> _WHAT THE TASK REQUIRES_
For each line in the records that contains "online", make a copy.

===== MATERIAL FOR THIS TASK

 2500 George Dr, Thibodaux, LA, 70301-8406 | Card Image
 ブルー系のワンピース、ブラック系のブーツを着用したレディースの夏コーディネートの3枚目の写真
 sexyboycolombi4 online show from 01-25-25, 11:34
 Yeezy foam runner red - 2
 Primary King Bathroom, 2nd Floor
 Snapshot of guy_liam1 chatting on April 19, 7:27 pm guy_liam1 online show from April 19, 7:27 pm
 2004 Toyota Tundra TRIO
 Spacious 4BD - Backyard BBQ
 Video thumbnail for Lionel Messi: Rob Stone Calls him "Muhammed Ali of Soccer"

==========
===== MATERIAL FOR THIS TASK

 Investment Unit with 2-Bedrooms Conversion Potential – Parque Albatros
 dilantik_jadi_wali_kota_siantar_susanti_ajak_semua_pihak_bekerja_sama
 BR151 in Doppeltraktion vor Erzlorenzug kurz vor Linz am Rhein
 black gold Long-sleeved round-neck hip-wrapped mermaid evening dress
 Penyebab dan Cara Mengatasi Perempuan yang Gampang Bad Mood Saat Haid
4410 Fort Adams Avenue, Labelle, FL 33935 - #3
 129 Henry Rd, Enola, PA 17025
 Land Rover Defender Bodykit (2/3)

==========
===== MATERIAL FOR THIS TASK

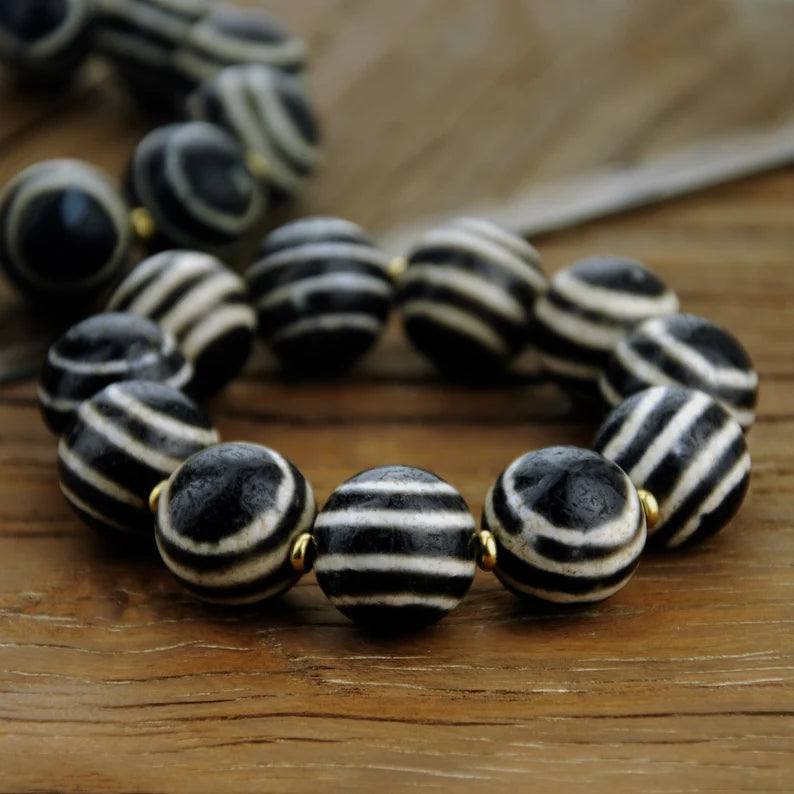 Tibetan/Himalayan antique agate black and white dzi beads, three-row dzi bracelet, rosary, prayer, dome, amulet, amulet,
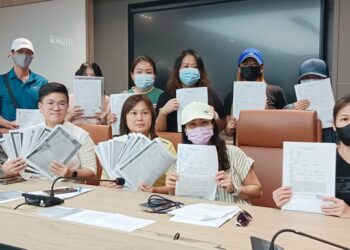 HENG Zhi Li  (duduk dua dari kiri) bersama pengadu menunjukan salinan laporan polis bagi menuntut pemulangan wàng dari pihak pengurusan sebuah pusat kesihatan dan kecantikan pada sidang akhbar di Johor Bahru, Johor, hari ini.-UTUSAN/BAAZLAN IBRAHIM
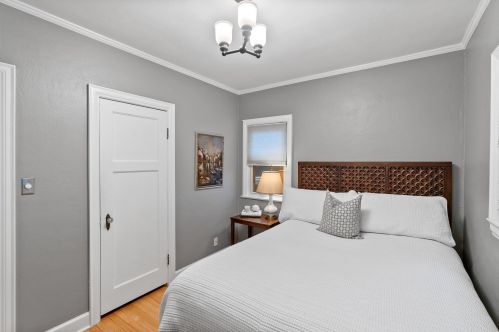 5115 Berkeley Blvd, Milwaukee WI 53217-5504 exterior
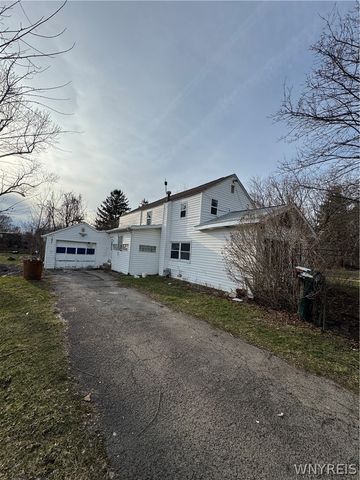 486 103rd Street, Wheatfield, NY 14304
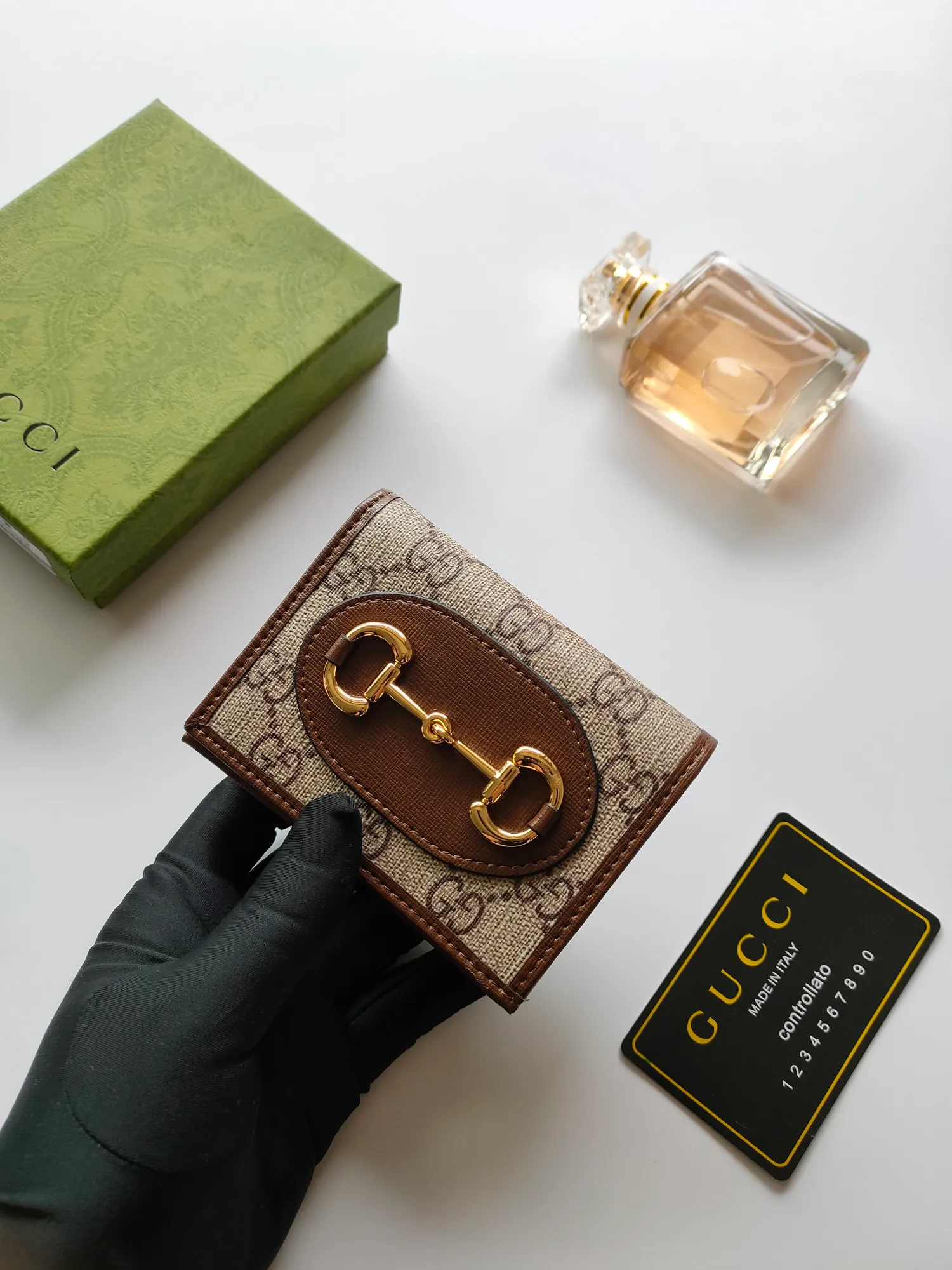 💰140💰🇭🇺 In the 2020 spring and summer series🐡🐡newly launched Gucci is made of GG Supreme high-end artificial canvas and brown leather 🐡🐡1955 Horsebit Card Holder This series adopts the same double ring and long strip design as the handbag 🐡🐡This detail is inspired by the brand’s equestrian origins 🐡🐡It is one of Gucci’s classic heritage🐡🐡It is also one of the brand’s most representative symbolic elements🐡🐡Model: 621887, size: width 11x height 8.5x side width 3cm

==========

> _REPLY_
 sexyboycolombi4 online show from 01-25-25, 11:34
 Snapshot of guy_liam1 chatting on April 19, 7:27 pm guy_liam1 online show from April 19, 7:27 pm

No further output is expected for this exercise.